***



Żydowski Polak, Polski Żyd. Problem tożsamości w literaturze polsko-żydowskiej. Pod redakcją Aliny Molisak i Zuzanny Kołodziejskiej. Dom Wydawniczy Elipsa, Warszawa 2011.

Bardzo dziękuję Alinie i upowszechniam wśród doktorantów.


Armageddon?



W  zeszłą środę (21 marca) wysłuchaliśmy pouczającego i pobudzającego wykładu Jerzego Jedlickiego, dedykowanego Bronisławowi Geremkowi w 80 rocznicę jego urodzin.

Profesor Jedlicki, czytany i słuchany dotąd  jako rozważny historyk krytyczny,  wystąpił tym razem w roli przepowiadacza przyszłości i zastanawiał się nad tym, jaki będzie wiek XXI. Wyszło mu, że będzie trochę lepszy od wieku XX, podobnie jak wiek XX był, mimo wszystkich nieszczęść, lepszy od wieku XIX. Może ostrożniej: na przełomie wieków XX/XXI ludzkość była w trochę lepszej sytuacji, niż na przełomie wieków XIX i XX. Wolno więc domniemać, że za nastepne 100 lat, proporcjonalnie będzie jeszcze lepiej. Okazało się zatem, że Jerzy Jedlicki jest zwolennikiem idei postępu, choć uważałem go raczej za  jej  krytyka. Co prawda – w wersji bardzo umiarkowanej, ale jednak!

Mnie szczególnie zajęło to,  że w swoich roztropnych przewidywaniach  profesor nie uwzględnił w ogóle kataklizmu globalnego, o skali proporcjonalnie większej i skutkach proporcjonalnie bardziej niszczycielskich, od tego, którym w XX wieku była ostatnia wojna światowa. I o to zresztą zapytałem.

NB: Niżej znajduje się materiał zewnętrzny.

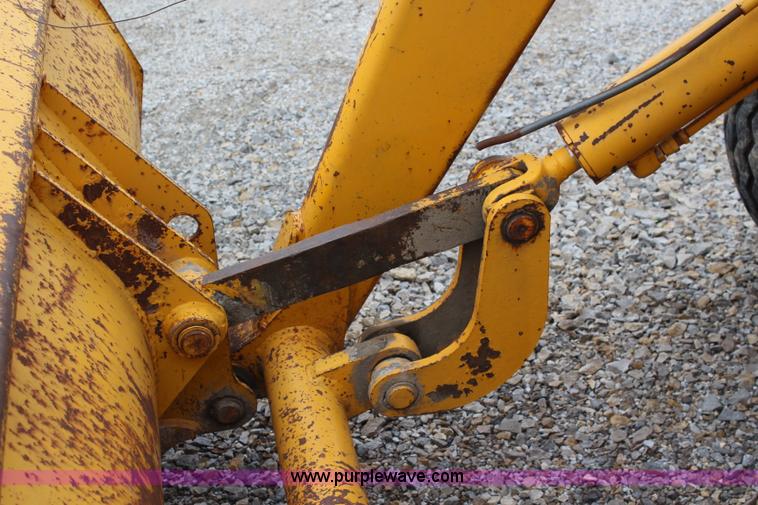 image for item J5898 1979 John Deere 310A backhoe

Nęka mnie bowiem od dawna wizja takiego kataklizmu, choć nie opieram jej na żadnej analizie, ani diagnozie. Mam natomiast irracjonalną pewność, że jest nieunikniony, choć jego czas jest nieokreślony. Pewność ta może brać się z tego, że wyrosłem w świecie kataklizmu i nie potrafię wyobrazić sobie świata naprawdę innego. Wyobraźnia u narodzin okaleczona, pozostaje już taką na zawsze. 

Jeśli tak, to skąd mój umiarkowany optymizm, a co za tym idzie pewna skrzętność życiowa? Z równie irracjonalnej pewności, że kataklizm ten nie nastąpi za mojego życia. A w odniesieniu do moich dzieci i wnuków? Najmłodsi z nich mogą przeżyć całe to stulecie, więc jeśli moje przeczucia się spełnią, kataklizm ten musi ich zagarnąć. Jak mogę tedy spać spokojnie i wstawać pogodnie?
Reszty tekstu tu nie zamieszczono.